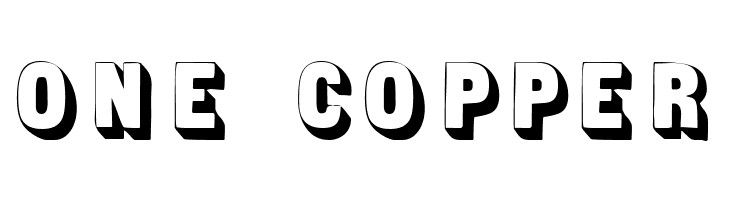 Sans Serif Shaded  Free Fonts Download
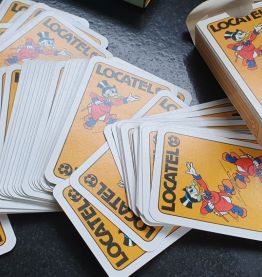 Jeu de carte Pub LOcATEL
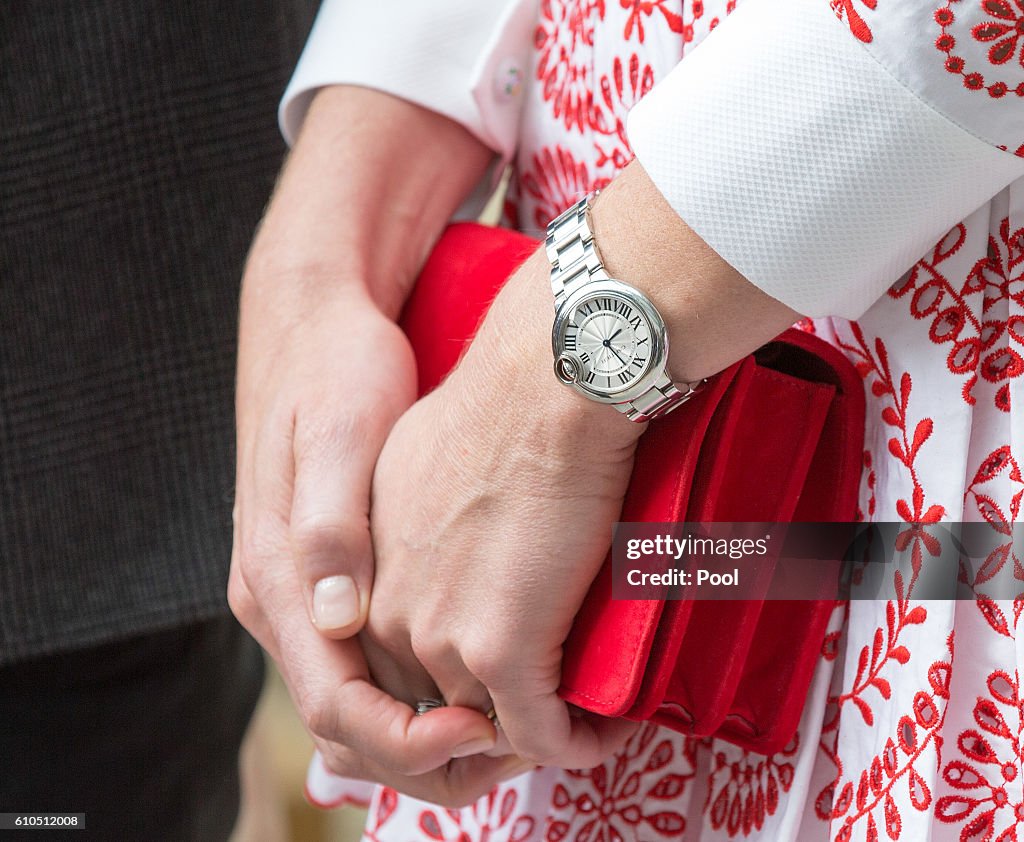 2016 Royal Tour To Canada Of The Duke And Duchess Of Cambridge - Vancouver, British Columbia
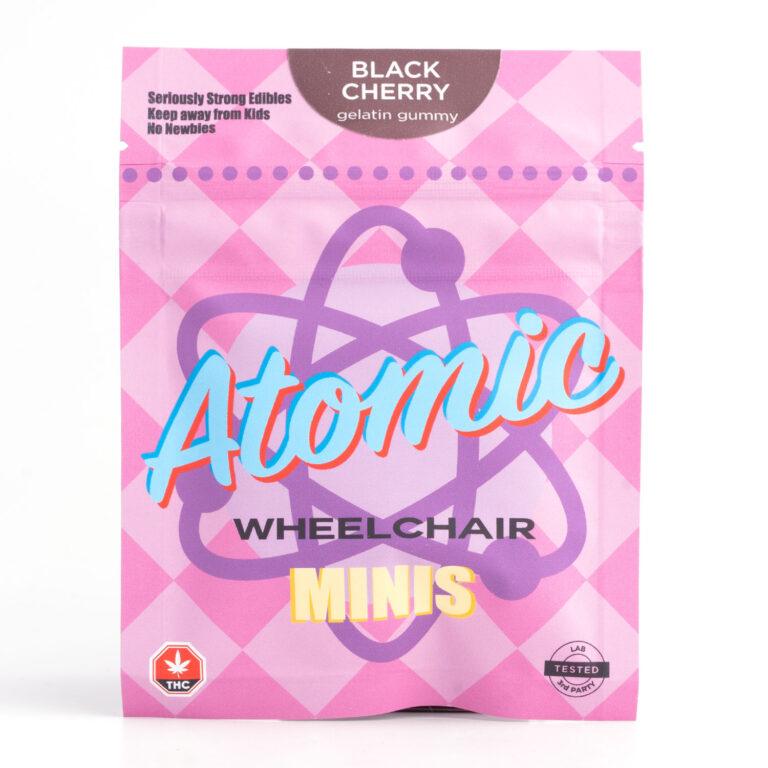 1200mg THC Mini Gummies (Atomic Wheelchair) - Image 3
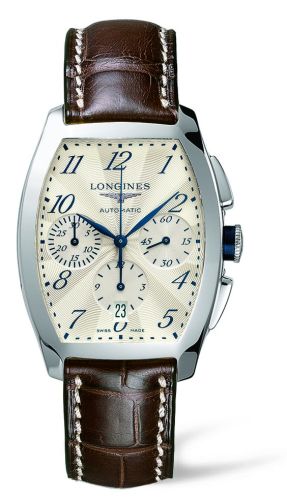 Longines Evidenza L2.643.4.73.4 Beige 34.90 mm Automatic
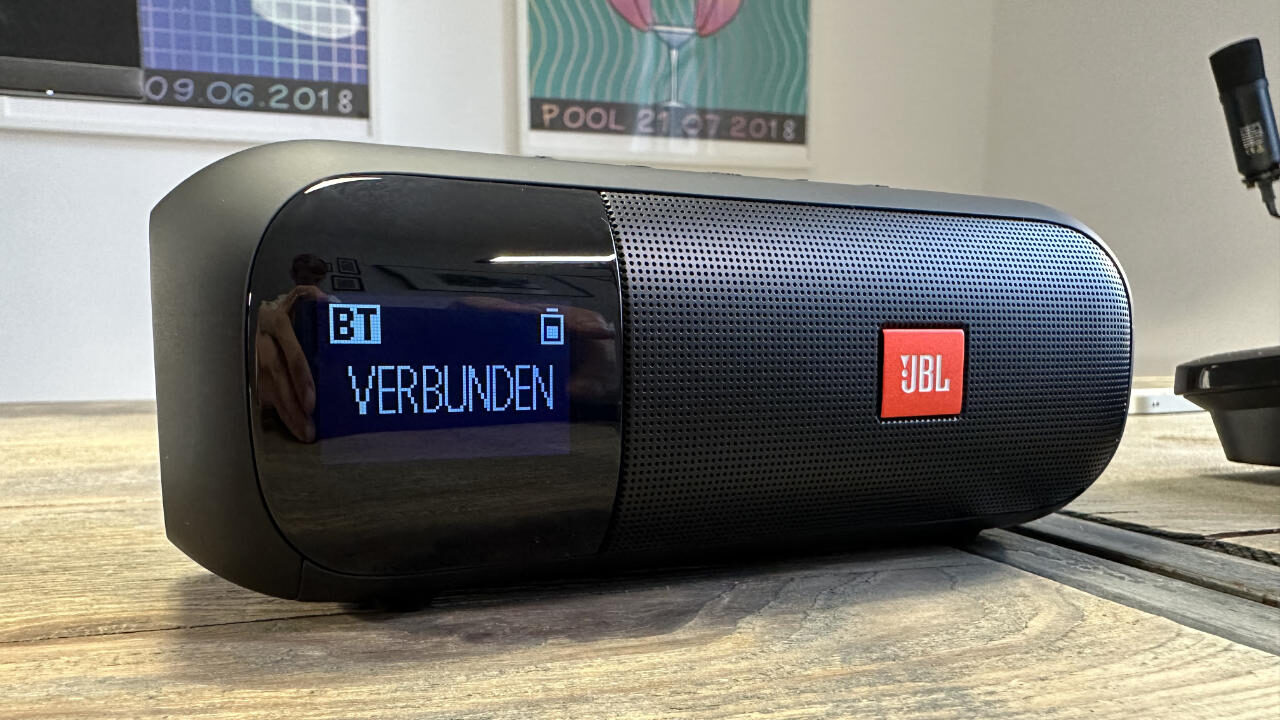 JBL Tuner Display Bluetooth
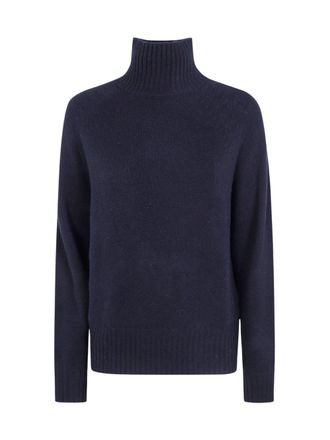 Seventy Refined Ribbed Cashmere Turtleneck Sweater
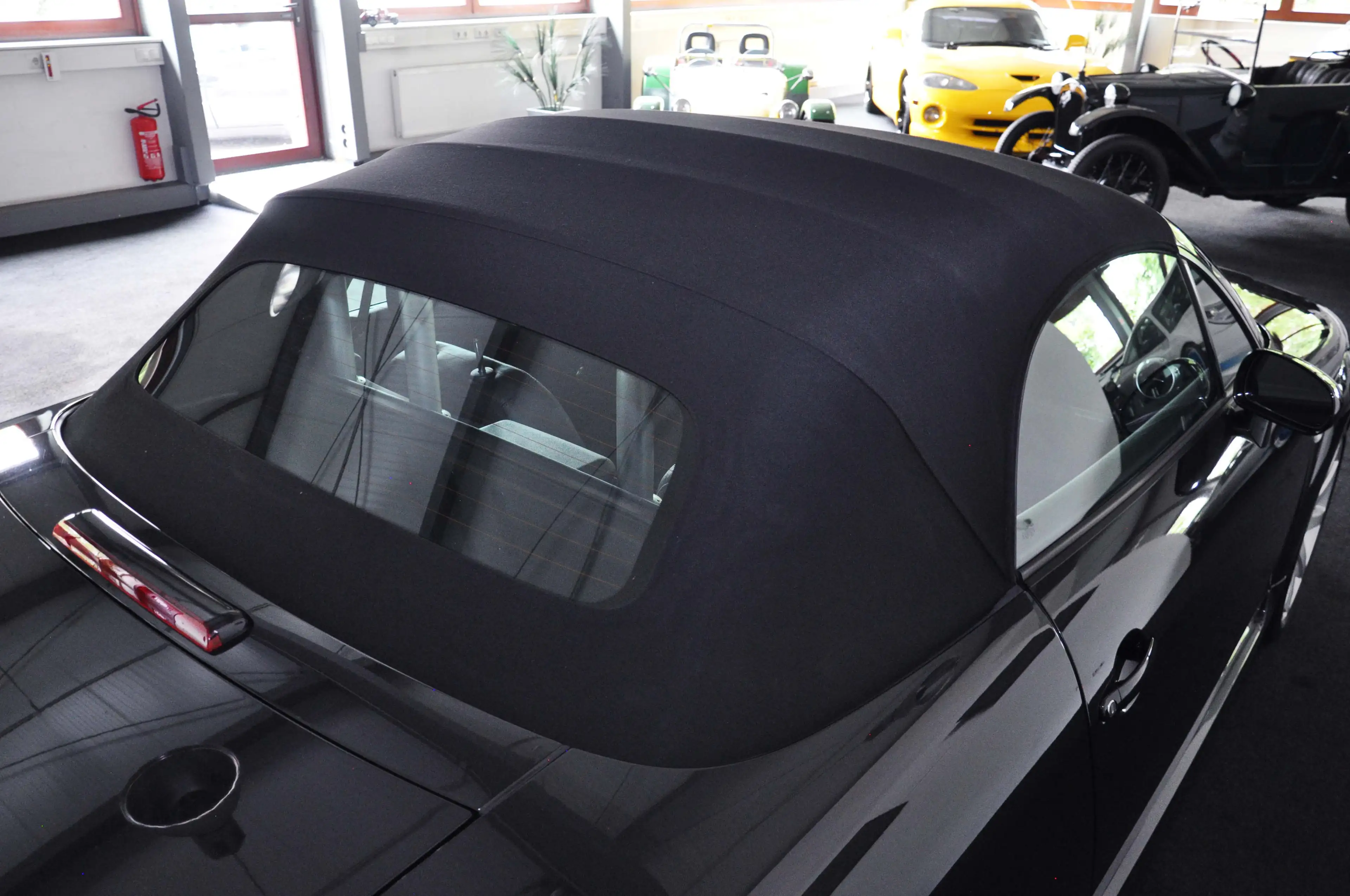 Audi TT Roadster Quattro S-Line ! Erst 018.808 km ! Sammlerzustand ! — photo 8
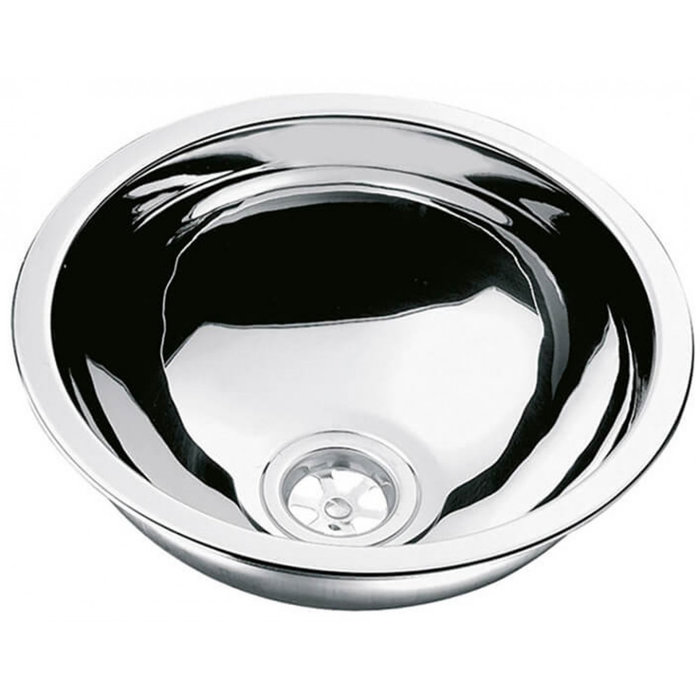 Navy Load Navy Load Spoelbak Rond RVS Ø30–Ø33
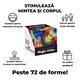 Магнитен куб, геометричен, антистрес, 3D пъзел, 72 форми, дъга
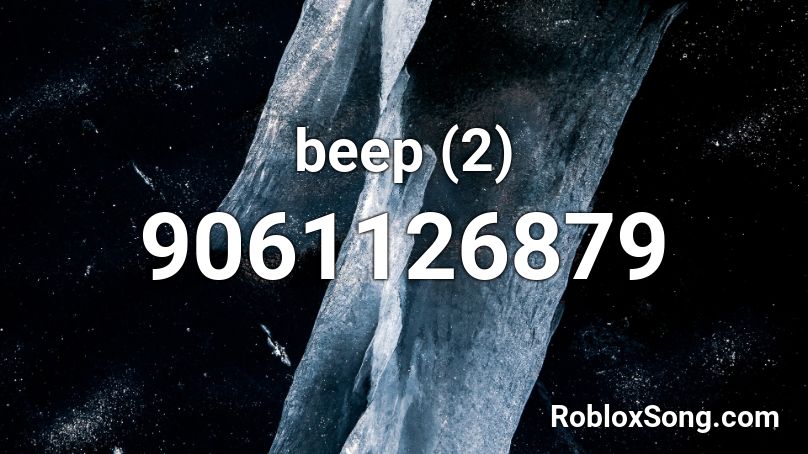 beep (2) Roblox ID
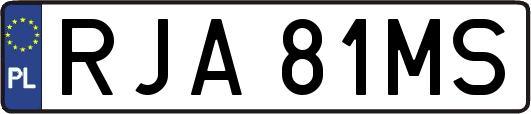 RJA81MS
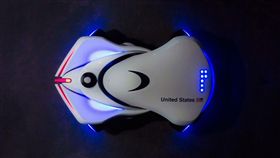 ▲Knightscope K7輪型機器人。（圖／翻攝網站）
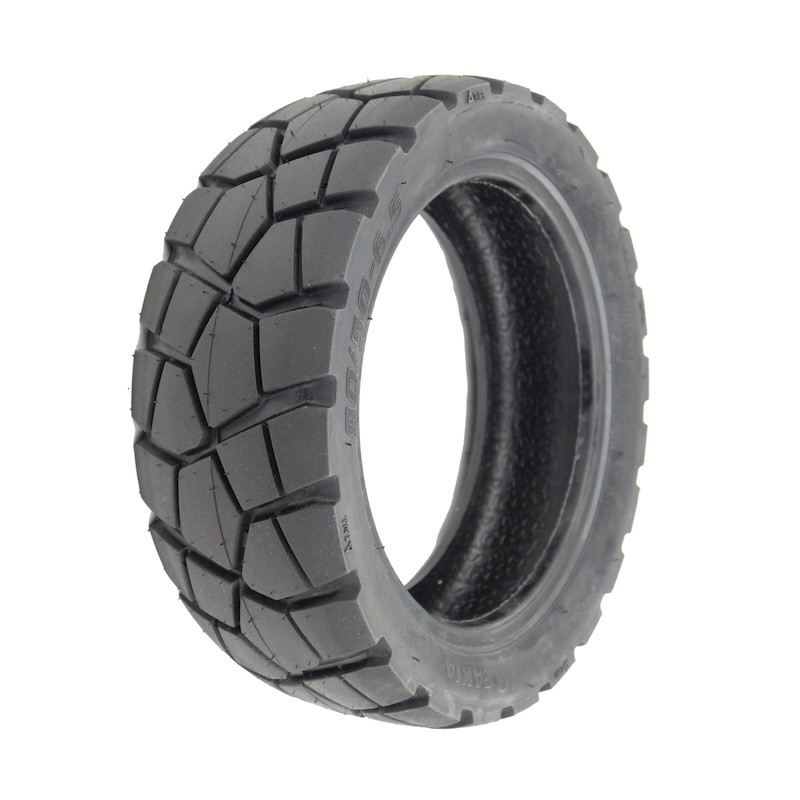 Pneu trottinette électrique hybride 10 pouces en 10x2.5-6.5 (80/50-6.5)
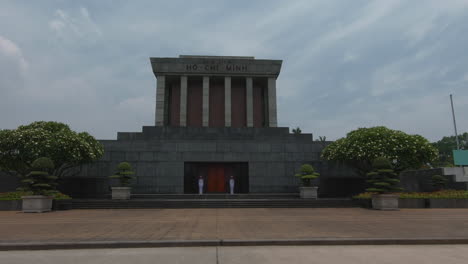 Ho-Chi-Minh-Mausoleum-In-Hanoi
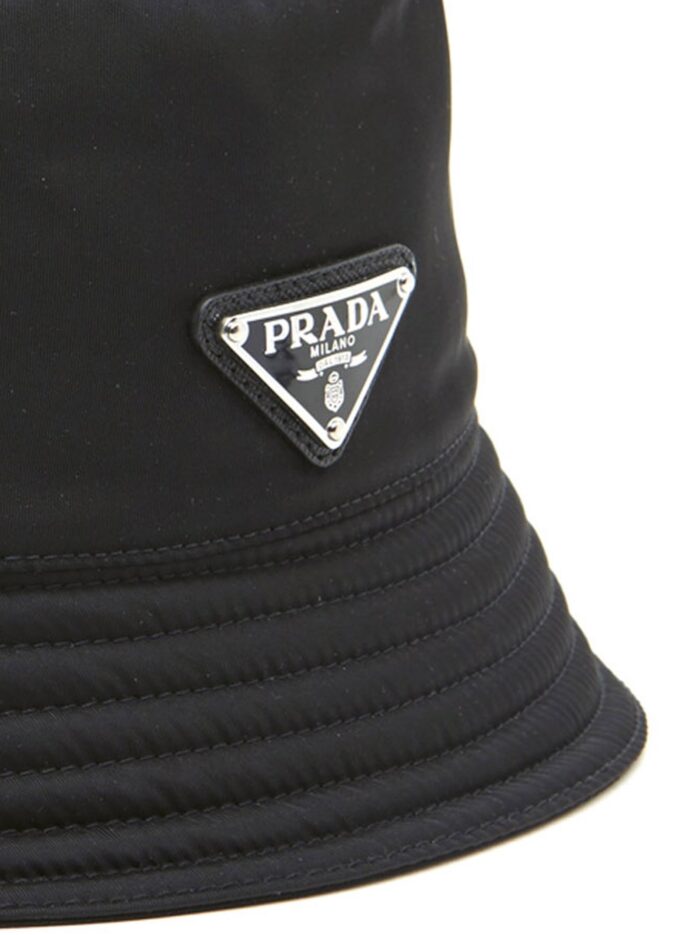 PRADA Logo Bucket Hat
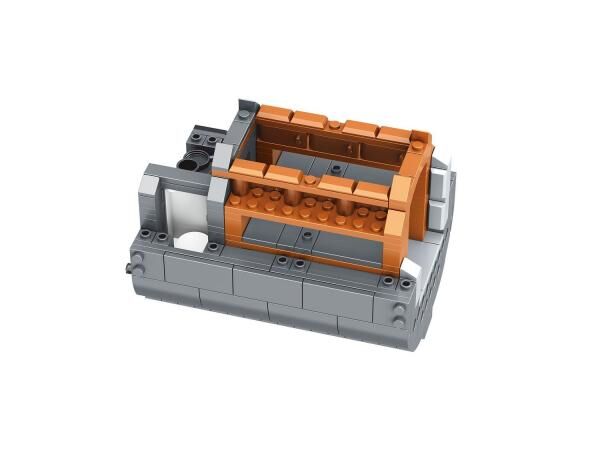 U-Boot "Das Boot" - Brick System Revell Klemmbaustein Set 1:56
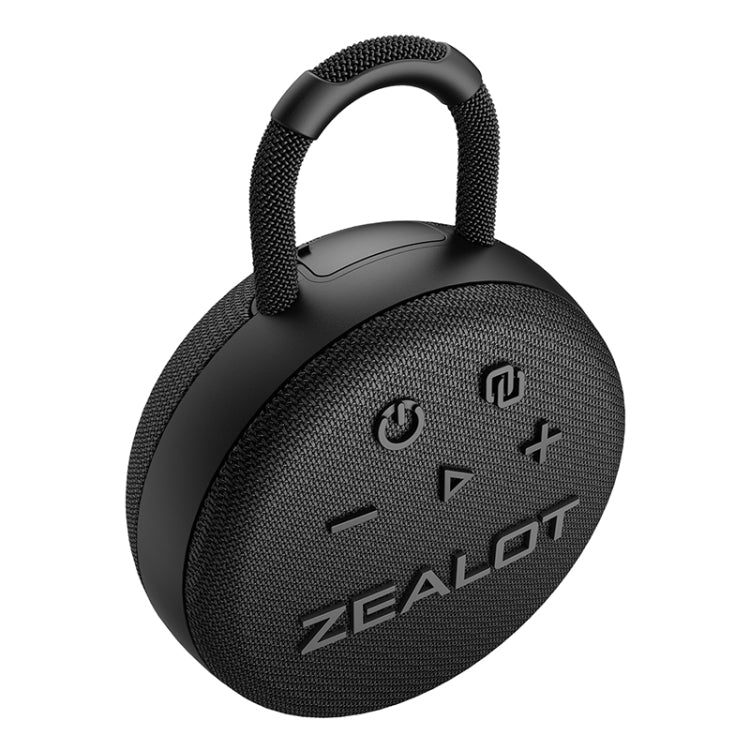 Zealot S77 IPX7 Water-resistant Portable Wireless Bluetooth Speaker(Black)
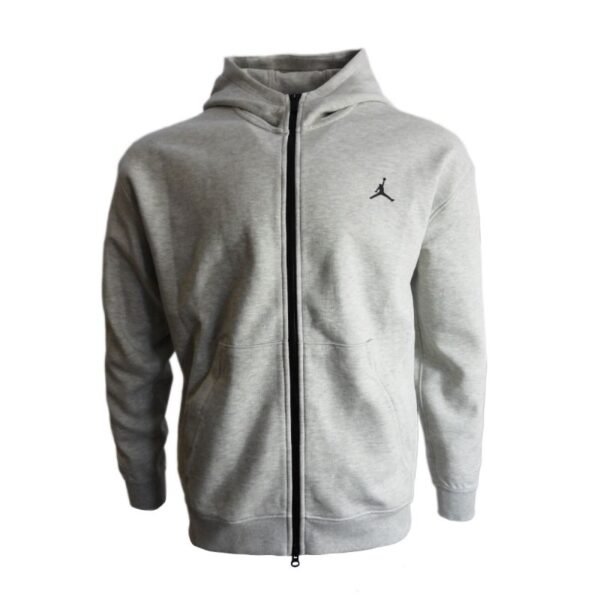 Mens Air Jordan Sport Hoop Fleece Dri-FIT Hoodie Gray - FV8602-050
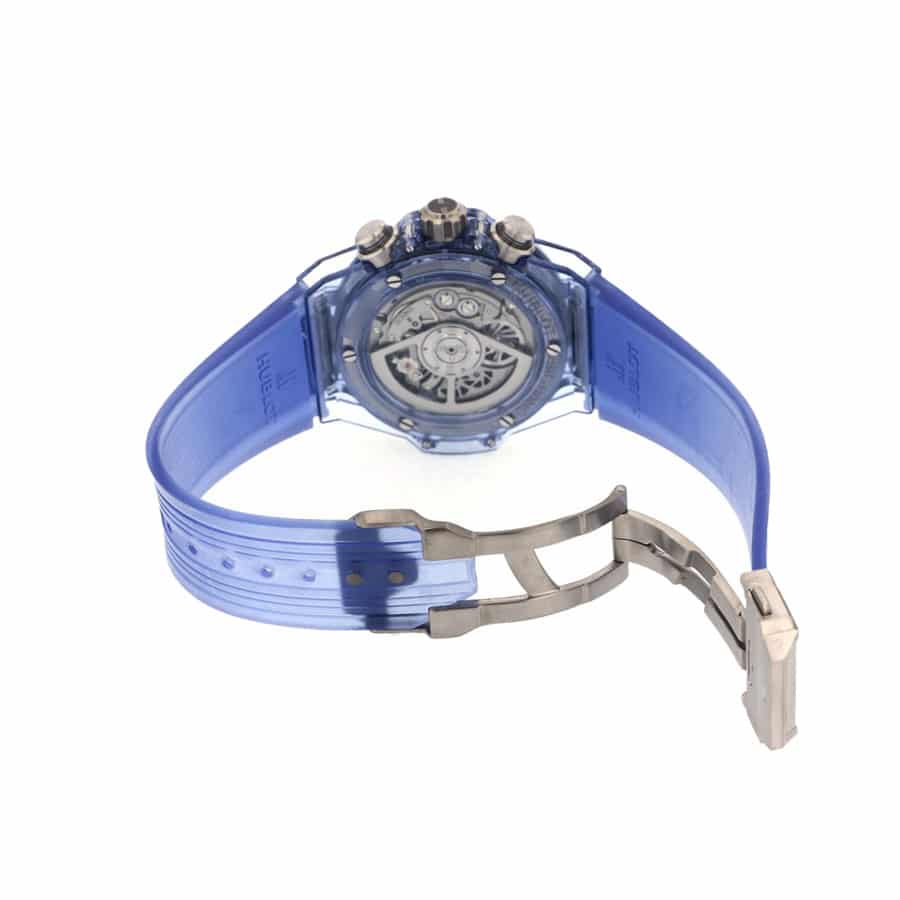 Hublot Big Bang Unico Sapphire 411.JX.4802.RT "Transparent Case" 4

What the task asks:
What is needed is the data above, retyped exactly, with every picture left out.

The completed task:
 Sans Serif Shaded  Free Fonts Download
 Jeu de carte Pub LOcATEL
 2016 Royal Tour To Canada Of The Duke And Duchess Of Cambridge - Vancouver, British Columbia
 1200mg THC Mini Gummies (Atomic Wheelchair) - Image 3
 Longines Evidenza L2.643.4.73.4 Beige 34.90 mm Automatic
 JBL Tuner Display Bluetooth
 Seventy Refined Ribbed Cashmere Turtleneck Sweater
 Audi TT Roadster Quattro S-Line ! Erst 018.808 km ! Sammlerzustand ! — photo 8
 Navy Load Navy Load Spoelbak Rond RVS Ø30–Ø33
 Магнитен куб, геометричен, антистрес, 3D пъзел, 72 форми, дъга
 beep (2) Roblox ID
 RJA81MS
 ▲Knightscope K7輪型機器人。（圖／翻攝網站）
 Pneu trottinette électrique hybride 10 pouces en 10x2.5-6.5 (80/50-6.5)
 Ho-Chi-Minh-Mausoleum-In-Hanoi
 PRADA Logo Bucket Hat
 U-Boot "Das Boot" - Brick System Revell Klemmbaustein Set 1:56
 Zealot S77 IPX7 Water-resistant Portable Wireless Bluetooth Speaker(Black)
 Mens Air Jordan Sport Hoop Fleece Dri-FIT Hoodie Gray - FV8602-050
 Hublot Big Bang Unico Sapphire 411.JX.4802.RT "Transparent Case" 4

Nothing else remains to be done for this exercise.